# JComboBox soll Selektion anhand der Eingabe ändern



## sparrow (19. Sep 2006)

Hallo Forum!

Ich möchte eine JComboBox so umfunktionieren, dass die Selektion anhand der Eingabe im Textfeld angepasst wird.

Ich möchte folgendes erreichen:
Angenommen in der Liste stehen "Hund", "Tier", "Vogel" und "Zoo".
Wenn ich dann in dem TextFeld ein "T" eingebe soll er automatisch auf "Tier" springen.
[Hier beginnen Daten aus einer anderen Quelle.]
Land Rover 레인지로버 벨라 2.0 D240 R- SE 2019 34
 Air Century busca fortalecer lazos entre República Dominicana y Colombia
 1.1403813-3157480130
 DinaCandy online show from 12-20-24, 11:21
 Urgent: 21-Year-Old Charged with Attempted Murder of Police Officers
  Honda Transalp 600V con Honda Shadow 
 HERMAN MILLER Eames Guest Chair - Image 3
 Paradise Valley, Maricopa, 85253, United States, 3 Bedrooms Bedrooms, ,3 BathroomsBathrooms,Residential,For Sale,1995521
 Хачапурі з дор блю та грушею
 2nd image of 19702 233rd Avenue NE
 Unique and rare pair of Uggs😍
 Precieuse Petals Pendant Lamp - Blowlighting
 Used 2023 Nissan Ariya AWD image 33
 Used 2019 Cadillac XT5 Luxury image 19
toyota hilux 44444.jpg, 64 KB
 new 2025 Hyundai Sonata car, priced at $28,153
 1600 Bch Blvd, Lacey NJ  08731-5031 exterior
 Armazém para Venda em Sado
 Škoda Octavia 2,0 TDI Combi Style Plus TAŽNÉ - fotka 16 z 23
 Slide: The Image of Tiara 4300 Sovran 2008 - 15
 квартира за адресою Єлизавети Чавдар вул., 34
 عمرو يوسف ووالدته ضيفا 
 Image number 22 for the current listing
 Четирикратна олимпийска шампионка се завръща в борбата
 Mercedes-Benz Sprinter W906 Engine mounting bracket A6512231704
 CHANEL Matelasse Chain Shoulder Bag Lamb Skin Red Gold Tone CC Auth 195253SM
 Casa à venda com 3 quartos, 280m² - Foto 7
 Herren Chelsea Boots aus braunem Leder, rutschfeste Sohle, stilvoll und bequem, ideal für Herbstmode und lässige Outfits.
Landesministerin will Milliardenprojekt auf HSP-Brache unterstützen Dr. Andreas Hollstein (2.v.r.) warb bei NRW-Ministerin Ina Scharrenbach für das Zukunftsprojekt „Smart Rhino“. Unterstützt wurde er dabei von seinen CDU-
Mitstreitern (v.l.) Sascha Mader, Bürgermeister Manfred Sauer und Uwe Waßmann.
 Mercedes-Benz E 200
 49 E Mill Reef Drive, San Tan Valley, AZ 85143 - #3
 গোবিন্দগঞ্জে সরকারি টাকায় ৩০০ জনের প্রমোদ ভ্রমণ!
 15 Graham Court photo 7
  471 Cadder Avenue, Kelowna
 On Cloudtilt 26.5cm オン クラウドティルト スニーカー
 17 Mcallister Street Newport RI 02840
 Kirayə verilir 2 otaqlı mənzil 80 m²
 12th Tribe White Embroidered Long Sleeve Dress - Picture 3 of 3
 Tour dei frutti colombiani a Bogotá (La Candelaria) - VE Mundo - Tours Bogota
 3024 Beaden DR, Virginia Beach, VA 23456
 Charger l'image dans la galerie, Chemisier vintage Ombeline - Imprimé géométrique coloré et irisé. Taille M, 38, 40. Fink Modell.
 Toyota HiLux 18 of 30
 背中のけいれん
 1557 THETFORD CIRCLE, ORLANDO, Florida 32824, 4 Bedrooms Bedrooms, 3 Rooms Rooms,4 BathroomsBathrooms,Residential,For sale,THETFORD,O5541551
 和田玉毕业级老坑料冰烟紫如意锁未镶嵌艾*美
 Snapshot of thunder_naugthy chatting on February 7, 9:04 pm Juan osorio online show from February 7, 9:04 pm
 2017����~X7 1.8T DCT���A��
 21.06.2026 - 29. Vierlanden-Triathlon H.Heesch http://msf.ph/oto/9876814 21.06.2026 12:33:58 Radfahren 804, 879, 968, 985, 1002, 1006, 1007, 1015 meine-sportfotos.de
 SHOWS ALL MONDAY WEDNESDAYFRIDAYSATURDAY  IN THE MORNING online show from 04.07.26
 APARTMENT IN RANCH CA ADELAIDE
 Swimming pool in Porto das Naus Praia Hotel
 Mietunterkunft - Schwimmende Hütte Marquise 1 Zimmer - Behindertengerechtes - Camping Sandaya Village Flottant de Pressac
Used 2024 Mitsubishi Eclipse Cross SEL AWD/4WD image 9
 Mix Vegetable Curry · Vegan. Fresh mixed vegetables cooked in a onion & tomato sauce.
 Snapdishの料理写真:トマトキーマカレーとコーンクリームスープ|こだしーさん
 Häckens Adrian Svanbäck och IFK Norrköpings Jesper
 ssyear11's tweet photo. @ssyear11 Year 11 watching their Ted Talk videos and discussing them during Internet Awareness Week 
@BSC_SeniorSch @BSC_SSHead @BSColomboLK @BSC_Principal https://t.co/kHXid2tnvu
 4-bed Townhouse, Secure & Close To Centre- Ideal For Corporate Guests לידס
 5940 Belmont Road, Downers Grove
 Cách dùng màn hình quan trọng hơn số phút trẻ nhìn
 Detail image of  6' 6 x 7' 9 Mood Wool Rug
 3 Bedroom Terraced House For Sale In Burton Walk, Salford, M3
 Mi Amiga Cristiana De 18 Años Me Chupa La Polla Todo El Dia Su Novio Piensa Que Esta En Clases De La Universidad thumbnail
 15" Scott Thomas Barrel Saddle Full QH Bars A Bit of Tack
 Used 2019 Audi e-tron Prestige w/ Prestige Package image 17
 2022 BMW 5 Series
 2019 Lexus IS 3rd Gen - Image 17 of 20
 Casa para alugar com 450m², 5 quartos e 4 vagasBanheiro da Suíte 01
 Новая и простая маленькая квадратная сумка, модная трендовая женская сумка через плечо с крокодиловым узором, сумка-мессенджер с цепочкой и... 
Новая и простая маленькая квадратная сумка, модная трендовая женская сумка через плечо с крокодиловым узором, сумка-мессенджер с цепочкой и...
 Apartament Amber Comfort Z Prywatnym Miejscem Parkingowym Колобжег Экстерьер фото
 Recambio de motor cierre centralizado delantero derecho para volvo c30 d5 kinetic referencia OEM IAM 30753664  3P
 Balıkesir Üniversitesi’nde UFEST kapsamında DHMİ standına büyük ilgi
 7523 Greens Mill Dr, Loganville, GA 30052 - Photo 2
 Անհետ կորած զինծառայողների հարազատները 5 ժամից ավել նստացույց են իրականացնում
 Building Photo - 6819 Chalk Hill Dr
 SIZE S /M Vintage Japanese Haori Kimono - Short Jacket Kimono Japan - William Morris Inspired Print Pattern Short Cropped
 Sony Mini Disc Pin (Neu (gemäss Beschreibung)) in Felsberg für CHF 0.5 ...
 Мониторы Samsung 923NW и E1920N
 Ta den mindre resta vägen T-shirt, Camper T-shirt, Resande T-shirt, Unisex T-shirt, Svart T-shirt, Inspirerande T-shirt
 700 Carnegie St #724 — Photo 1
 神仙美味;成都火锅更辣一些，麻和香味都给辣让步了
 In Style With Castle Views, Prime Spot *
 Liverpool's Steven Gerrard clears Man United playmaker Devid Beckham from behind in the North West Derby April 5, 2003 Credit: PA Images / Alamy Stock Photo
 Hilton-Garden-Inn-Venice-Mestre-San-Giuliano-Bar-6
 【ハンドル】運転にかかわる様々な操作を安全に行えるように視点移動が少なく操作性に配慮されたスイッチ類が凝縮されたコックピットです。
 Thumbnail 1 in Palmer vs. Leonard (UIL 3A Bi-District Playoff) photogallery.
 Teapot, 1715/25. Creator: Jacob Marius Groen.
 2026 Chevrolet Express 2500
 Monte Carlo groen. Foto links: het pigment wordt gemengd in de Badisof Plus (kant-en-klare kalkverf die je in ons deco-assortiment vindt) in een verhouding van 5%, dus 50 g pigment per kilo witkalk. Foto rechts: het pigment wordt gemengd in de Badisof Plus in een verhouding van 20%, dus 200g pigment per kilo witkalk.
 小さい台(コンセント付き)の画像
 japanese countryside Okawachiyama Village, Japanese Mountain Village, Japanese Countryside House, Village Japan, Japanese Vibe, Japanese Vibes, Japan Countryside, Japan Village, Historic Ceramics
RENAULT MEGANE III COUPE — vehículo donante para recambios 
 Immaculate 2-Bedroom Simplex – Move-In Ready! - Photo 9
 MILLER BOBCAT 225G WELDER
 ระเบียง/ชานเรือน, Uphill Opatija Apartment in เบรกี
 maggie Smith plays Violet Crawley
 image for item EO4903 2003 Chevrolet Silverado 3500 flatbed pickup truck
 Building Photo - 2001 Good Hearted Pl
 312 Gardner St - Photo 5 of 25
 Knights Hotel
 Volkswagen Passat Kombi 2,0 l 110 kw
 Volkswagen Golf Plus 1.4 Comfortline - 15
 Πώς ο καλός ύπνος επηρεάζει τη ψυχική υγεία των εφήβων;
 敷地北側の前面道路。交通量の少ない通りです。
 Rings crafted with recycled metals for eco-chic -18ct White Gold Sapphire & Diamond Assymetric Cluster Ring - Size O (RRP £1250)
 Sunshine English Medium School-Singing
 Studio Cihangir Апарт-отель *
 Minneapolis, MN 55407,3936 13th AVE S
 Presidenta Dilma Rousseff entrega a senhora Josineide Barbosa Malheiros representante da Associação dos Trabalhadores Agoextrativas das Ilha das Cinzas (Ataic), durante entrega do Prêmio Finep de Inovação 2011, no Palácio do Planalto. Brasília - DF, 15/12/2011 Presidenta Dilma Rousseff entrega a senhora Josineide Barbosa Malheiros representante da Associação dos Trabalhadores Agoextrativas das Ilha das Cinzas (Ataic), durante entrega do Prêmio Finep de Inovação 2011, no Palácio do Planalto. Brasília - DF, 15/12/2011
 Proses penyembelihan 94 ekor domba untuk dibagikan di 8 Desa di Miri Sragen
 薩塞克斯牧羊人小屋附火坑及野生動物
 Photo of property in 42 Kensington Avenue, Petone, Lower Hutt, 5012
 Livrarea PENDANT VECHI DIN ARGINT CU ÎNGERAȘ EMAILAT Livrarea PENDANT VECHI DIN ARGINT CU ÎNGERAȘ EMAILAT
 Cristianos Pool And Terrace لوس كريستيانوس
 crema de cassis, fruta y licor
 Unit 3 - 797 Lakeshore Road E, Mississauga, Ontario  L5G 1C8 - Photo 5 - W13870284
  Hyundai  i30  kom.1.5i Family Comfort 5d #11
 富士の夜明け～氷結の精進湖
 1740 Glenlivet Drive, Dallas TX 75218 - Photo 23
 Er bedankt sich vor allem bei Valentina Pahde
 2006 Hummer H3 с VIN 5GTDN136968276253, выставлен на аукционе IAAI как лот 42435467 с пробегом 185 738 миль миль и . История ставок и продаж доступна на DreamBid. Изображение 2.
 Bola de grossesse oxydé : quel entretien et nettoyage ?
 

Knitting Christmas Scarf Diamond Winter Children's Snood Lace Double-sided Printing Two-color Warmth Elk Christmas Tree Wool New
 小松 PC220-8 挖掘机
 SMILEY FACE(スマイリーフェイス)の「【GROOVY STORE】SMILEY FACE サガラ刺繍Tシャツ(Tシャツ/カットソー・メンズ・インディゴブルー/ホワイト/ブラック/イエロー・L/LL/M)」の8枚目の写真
Entweder es selektieren oder ganz nach oben schubsen (also nach unten scrollen).

Die JComboBox ist editierbar, was den Einsatz von JComboBox.setKeySelectionManager() ausschließt.

Ich habe versucht auf das TextFeld des Editors einen DocumentListener zu legen, die Eingabe auszuwerten und dann anhand dessen eine Selektion vorzunehmen, bekommen aber leider den folgenden Fehler.

_Exception occurred during event dispatching:
java.lang.IllegalStateException: Attempt to mutate in notification_
Der Fehler tritt in der Zeile auf in der ich die Selektion ändern möchte (also hier in Zeile 24).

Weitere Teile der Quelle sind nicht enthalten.